When you print the material, keep every line identical to the original.

--- Material provided ---
++++++++
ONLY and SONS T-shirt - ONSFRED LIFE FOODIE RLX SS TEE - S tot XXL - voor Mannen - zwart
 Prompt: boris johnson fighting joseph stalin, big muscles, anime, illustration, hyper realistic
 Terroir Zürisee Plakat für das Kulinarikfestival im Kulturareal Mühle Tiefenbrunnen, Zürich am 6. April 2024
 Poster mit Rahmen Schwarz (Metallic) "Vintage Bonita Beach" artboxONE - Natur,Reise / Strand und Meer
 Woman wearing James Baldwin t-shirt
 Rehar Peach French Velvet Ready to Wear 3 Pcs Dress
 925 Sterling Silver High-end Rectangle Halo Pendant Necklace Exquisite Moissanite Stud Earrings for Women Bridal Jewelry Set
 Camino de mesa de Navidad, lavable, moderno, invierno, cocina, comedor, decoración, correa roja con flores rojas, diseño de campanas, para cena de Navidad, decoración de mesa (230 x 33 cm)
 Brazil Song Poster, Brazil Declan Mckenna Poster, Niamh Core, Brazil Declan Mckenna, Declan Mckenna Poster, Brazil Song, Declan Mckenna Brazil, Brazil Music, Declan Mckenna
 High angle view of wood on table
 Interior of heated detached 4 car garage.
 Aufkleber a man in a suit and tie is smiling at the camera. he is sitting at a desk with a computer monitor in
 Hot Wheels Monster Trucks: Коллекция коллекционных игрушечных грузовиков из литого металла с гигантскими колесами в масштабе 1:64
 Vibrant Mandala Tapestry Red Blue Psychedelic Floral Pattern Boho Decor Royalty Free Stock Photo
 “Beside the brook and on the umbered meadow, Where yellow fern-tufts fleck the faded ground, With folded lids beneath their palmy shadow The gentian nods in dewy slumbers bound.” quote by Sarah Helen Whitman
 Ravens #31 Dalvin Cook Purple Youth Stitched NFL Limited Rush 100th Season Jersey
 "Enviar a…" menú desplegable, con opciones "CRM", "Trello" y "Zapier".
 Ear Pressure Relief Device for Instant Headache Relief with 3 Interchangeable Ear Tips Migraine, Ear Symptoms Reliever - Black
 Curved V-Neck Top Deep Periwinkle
++++++++
--- Answer for the task ---
ONLY and SONS T-shirt - ONSFRED LIFE FOODIE RLX SS TEE - S tot XXL - voor Mannen - zwart
 Prompt: boris johnson fighting joseph stalin, big muscles, anime, illustration, hyper realistic
 Terroir Zürisee Plakat für das Kulinarikfestival im Kulturareal Mühle Tiefenbrunnen, Zürich am 6. April 2024
 Poster mit Rahmen Schwarz (Metallic) "Vintage Bonita Beach" artboxONE - Natur,Reise / Strand und Meer
 Woman wearing James Baldwin t-shirt
 Rehar Peach French Velvet Ready to Wear 3 Pcs Dress
 925 Sterling Silver High-end Rectangle Halo Pendant Necklace Exquisite Moissanite Stud Earrings for Women Bridal Jewelry Set
 Camino de mesa de Navidad, lavable, moderno, invierno, cocina, comedor, decoración, correa roja con flores rojas, diseño de campanas, para cena de Navidad, decoración de mesa (230 x 33 cm)
 Brazil Song Poster, Brazil Declan Mckenna Poster, Niamh Core, Brazil Declan Mckenna, Declan Mckenna Poster, Brazil Song, Declan Mckenna Brazil, Brazil Music, Declan Mckenna
 High angle view of wood on table
 Interior of heated detached 4 car garage.
 Aufkleber a man in a suit and tie is smiling at the camera. he is sitting at a desk with a computer monitor in
 Hot Wheels Monster Trucks: Коллекция коллекционных игрушечных грузовиков из литого металла с гигантскими колесами в масштабе 1:64
 Vibrant Mandala Tapestry Red Blue Psychedelic Floral Pattern Boho Decor Royalty Free Stock Photo
 “Beside the brook and on the umbered meadow, Where yellow fern-tufts fleck the faded ground, With folded lids beneath their palmy shadow The gentian nods in dewy slumbers bound.” quote by Sarah Helen Whitman
 Ravens #31 Dalvin Cook Purple Youth Stitched NFL Limited Rush 100th Season Jersey
 "Enviar a…" menú desplegable, con opciones "CRM", "Trello" y "Zapier".
 Ear Pressure Relief Device for Instant Headache Relief with 3 Interchangeable Ear Tips Migraine, Ear Symptoms Reliever - Black
 Curved V-Neck Top Deep Periwinkle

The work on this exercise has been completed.